The 12-day Bold Alligator 2014 will take place off the coast of Virginia and North Carolina, though one portion of the exercise will send MV-22 Ospreys as far inland as Indiana, Lt. Gen. Robert Neller, commander of Marine Forces Command, told reporters on Tuesday.

Bold Alligator 2014

The U.S. team will bring amphibious ships, cruisers and destroyers, attack submarines, a Joint High Speed Vessel, a TAO oiler and a T-AKE dry cargo ship. Joining them will be ships from the Netherlands, Denmark, Mexico and Peru. Eighteen NATO allies and partner countries will join or observe the exercise.

Neller said the international cooperation piece is important because so many countries have substantial amphibious capabilities and are continuing to invest in them because they see the value of “using the sea as maneuver space and not having to deal with the footprint ashore.”

“The coalition piece is always harder. Amphibious ops are arguably the most difficult type of operation for any military force, just coming from the sea and aggregating the force and doing the logistics.
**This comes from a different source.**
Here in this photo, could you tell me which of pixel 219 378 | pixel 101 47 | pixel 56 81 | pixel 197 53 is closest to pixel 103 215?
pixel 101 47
And you add the coalition piece in there, so the communications and the information sharing and all that is where we’ll really make our money,” he added.

Neller said the United States will inevitably need to work with these countries in a future real-world amphibious operation, be it a humanitarian response/disaster relief effort, an embassy evacuation or other type of event. These future events can only be successful if Bold Alligator 2014 can help everyone work out the bugs in their “coalition-capable command and control.”

To stress this capability, most of the twists in the exercise will be a surprise to the participants, which Neller said is different from a more classic amphibious exercise.

“There will not be a single large amphibious landing where this entire force is put ashore,” he said. “In fact, the force doesn’t even really know yet what the specific events are going to be, they’re going to do this on the fly. They know there’s instability in the objective area and they’re going to have to provide support to certain countries in a fictitious geographical area. And then they’ll respond to this crisis and put the force together, package the force, the naval force, in response to those particular missions.”

Also embedded in the exercise will be opportunities to use American platforms for new purposes. The T-AKE will be used to both deliver dry cargo and to project forces ashore. And the JHSV will be used for bulk fuel transfer, truck transfer and to launch Special Operations Forces’ unmanned underwater vehicles. SOF personnel will also launch from the flight deck, and coalition forces will launch small boats from the well deck for riverine missions, Neller said.

Neller said the JHSV and noncombatant ships like the T-AKE will never replace amphibious ships, but they could certainly find ways to augment the ships’ capability in a contingency operation.

“Because it has a flight deck, because it has as well deck, because we can put equipment on it, because we can move it quickly, because we think we can put a ramp on it and maybe launch amphibian vehicles off the back and hopefully one day recover them, we’re going to continue to experiment with this,” he said of the JHSV.